2. Cabin Thermal Stability
Commercial-grade insulation systems are intended to be as light as possible. To do so, designers choose the minimum amount of thermal insulation required to meet their operational standards. In VIP-configured aircraft, however, passenger comfort is much more critical; in particular, the aircraft is expected to provide a consistent, controllable temperature throughout the cabin. The insulation system should support this ability. Aerocon's systems are designed to provide thermally stable cabins throughout all operating conditions (typically, -80 to +140ºF). The basic concept uses high-performance insulation materials with low thermal conductivity values, while accommodating the specific requirements of compression, cold-soak, and limited-clearance. The entire aircraft is also evaluated to determine hot and cold spots, which are treated accordingly to provide a consistent baseline temperature and allow the environmental control system to function efficiently.
3. Fire Protection
All of Aerocon's noise reduction systems meet the applicable requirements of FAR 25.853(a) and 25.856(a). Additionally, lower-lobe burn-through protection satisfying FAR 25.856(b) is available as required.

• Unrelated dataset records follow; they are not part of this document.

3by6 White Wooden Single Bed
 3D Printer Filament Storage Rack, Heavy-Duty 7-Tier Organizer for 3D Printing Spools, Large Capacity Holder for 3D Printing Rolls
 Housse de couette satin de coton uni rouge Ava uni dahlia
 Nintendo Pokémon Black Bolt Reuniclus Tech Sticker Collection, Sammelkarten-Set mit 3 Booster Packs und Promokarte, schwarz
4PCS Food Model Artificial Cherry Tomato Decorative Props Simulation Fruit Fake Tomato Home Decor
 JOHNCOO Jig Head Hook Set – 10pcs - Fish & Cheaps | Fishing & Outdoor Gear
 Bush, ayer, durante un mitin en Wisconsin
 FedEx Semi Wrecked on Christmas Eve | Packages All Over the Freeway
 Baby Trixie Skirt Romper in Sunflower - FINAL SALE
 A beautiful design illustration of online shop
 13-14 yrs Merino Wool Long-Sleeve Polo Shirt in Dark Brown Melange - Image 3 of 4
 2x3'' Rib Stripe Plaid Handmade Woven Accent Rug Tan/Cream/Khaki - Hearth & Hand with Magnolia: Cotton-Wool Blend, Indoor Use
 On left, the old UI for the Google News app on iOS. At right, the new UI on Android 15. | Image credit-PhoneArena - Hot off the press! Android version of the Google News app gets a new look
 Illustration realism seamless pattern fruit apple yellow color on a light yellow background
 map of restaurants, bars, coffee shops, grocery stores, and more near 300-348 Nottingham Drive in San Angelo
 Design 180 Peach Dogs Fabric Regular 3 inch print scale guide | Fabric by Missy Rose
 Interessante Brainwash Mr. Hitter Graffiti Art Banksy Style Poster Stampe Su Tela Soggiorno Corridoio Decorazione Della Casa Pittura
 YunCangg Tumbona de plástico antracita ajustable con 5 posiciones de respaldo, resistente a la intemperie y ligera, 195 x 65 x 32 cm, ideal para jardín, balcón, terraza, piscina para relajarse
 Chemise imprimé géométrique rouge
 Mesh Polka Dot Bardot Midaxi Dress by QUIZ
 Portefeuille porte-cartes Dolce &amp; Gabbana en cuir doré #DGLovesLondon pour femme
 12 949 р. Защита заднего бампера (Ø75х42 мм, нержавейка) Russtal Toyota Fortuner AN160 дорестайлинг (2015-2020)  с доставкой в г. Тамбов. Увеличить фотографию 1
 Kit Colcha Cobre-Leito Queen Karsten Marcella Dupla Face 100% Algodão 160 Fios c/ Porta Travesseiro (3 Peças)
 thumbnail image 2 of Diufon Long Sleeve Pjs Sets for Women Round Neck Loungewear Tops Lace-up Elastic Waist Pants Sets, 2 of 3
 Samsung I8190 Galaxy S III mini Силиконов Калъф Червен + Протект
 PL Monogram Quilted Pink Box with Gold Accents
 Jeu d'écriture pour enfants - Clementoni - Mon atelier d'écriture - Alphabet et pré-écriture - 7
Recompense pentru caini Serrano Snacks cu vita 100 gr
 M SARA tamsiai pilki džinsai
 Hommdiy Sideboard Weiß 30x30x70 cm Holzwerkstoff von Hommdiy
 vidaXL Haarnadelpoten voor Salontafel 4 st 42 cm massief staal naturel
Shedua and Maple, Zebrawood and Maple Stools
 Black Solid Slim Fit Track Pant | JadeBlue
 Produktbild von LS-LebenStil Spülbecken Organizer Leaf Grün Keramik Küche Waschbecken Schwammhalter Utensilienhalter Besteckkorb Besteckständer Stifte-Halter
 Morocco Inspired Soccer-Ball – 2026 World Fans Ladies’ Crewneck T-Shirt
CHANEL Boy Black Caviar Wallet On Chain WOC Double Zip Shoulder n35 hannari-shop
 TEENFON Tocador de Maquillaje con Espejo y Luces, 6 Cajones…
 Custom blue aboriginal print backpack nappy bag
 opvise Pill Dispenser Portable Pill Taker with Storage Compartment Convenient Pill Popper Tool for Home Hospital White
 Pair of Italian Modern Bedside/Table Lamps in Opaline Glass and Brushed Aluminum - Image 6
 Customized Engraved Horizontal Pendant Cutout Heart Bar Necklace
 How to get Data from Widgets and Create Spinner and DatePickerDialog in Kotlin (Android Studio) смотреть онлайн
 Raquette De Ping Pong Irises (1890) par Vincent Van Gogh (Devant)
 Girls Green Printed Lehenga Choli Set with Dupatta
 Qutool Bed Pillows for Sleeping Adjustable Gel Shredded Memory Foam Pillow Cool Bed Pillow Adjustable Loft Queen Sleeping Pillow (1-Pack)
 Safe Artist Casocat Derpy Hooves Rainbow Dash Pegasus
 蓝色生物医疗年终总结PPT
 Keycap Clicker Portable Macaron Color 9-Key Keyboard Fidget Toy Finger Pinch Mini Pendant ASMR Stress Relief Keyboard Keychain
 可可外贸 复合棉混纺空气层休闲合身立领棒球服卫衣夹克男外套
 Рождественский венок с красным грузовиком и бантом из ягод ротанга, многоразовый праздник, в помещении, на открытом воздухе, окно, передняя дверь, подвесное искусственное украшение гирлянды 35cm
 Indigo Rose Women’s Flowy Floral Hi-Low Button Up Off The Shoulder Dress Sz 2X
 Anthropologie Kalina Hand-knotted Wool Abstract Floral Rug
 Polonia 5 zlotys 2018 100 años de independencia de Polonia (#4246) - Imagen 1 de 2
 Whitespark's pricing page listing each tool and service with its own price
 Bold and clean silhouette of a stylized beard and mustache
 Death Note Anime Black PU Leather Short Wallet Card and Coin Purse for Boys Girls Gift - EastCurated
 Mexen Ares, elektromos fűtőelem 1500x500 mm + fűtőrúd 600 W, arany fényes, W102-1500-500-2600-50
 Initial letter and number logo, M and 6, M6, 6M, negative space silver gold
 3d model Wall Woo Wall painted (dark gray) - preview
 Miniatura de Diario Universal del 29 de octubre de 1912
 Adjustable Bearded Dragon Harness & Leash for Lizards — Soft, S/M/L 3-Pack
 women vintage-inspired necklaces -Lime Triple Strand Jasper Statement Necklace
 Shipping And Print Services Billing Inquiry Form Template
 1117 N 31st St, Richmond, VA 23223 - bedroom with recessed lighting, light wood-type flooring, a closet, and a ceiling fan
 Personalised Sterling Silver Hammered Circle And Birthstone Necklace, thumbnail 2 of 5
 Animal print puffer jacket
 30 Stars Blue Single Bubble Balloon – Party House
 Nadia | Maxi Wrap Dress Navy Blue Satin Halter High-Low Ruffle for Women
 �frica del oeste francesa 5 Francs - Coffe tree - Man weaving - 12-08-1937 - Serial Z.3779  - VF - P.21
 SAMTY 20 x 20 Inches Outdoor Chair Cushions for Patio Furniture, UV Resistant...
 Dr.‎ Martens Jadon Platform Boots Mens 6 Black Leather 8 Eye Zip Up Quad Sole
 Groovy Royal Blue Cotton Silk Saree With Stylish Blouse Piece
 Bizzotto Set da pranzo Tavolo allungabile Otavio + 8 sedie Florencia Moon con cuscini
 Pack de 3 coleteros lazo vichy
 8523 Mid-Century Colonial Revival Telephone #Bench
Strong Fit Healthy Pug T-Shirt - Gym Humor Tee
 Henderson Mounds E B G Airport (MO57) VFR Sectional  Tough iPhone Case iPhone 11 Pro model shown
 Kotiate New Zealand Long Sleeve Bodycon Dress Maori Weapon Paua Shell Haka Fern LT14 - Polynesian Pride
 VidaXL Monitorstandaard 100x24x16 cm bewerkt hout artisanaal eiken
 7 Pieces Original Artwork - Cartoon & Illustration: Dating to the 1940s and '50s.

Although the FAA has identified that the maximum benefit from burn-through protecting materials will be felt in the lower half of the aircraft (the area that would be impinged by flames from a post-crash fire, accounting for the failure of one or more landing gear elements), many customers have expressed concern for extreme circumstances where the top half of the aircraft may be exposed to fire (as in the case of a roll-over crash).In response to such concern, Aerocon can provide optional burn-through protection for the entire aircraft. This protection is incorporated into the insulation system at the time of manufacture, in order to minimize cost and weight. Other fire-blocking bulkheads can be included as required by the aircraft's specific mission profile.
Burn-through treatment will protect the occupied areas of the aircraft from direct flame incursion for at least 4 minutes (typically longer than 15 minutes in laboratory testing), and limit the overall heat flux through the insulation system to 2 BTU/ft2-sec, thus satisfying the requirements of FAR 25.856(b) at Amendment 25-111.